Ogdensburg. Another new member from the North Country. Chilly up your way this morning, I understand. Welcome to the Boiler Room, Moose. 

First off, what kind of boiler is it? If you don't have a name, post a picture. Odds are, somebody around here either has, has used one, or knows somebody who does.

Moving the water around is not a big deal. You have to do some plumbing and put in some aquastats and pumps, but that's all just basic wiring and sweating copper pipe. If you can do that, you'll be fine. Of course, you can get as fancy as you like with computer controls--and we've got people who are into that--but if you get the pumps and aquastats (basically just thermostats for hot water) in the right places, you can make it do everything it needs to do. If I can understand it, I bet you can.


----------



## Moose (Dec 18, 2007)

Yeah a little chilly and I think it must have snowed because my back seems a bit sore.  I'll definatly get some pics when I get home on wednesday.  If I remember correctly it has Thermobilt Provider III stamped on the front of it.


----------



## Moose (Dec 20, 2007)

pictures of the stove


----------



## Moose (Dec 20, 2007)

inside firebox heat exchangers


----------



## Moose (Dec 20, 2007)

some how I got the pictures of the heat exchangers upside down.


----------



## Moose (Dec 20, 2007)

back of unit


----------



## Moose (Dec 20, 2007)

more upside down pics sorry.


----------



## sparke (Dec 20, 2007)

That looks very similar to http://www.thermocontrolheating.com/cut_away_view.htm. Similar name too.
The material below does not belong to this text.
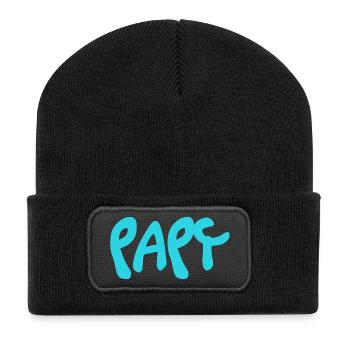 OPA. VATERTAG. FROHER VATERTAG. ICH LIEBE DICH. - Recycelte Patch Beanie - Schwarz - Vorne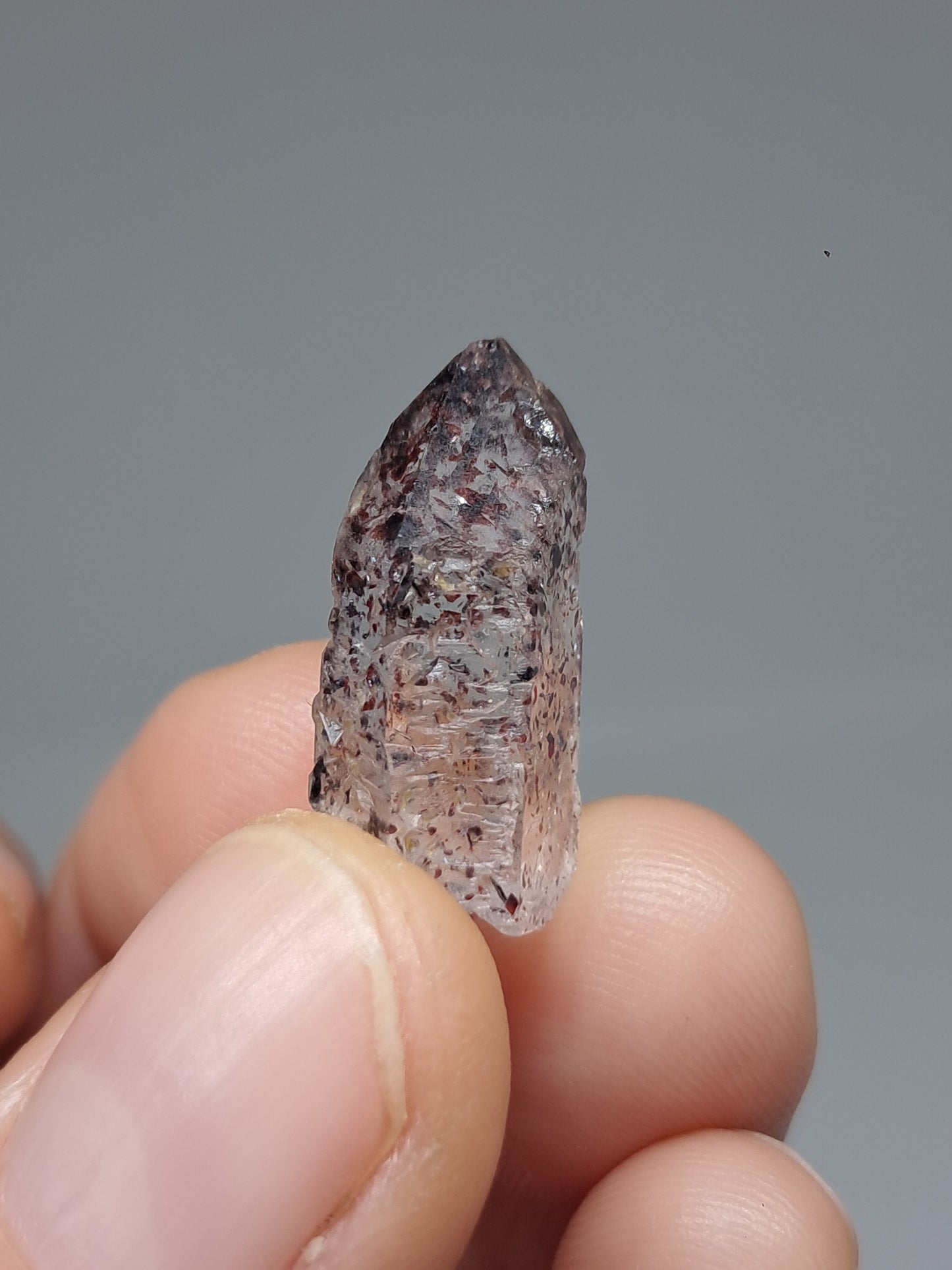 Hematite Included Quartz (Karur) Natural Crystal Point | Mineral Specimen #HPQ64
I wouldnt be surprised if this is the same company.
I believe the unit you have is a stove/boiler. Meaning approx. 1/2 of the BTU's are from radiant heat and the other energy goes into the water...


----------



## atlarge54 (Dec 21, 2007)

Looks pretty nice for the price. What is the temp control? Is there a bimetal spring on the door to control air intake? I think I'd be a bit nervous operating w/o pump and battery backup in case of power failure.


----------



## Moose (Dec 21, 2007)

It does have a bimetal spring in the door.  not sure if it functions properly or not but its there.  Why would I want to use that instead of just controlling the draft manually.  I do have a mother of a pump that came with it.  I don't think I have ever seen a domestic water pump of this size.  It reminds me of a fuel transfer pump I'll take a pic if you like.


----------



## BrownianHeatingTech (Dec 21, 2007)

Moose said:
			
		

> It does have a bimetal spring in the door.  not sure if it functions properly or not but its there.  Why would I want to use that instead of just controlling the draft manually.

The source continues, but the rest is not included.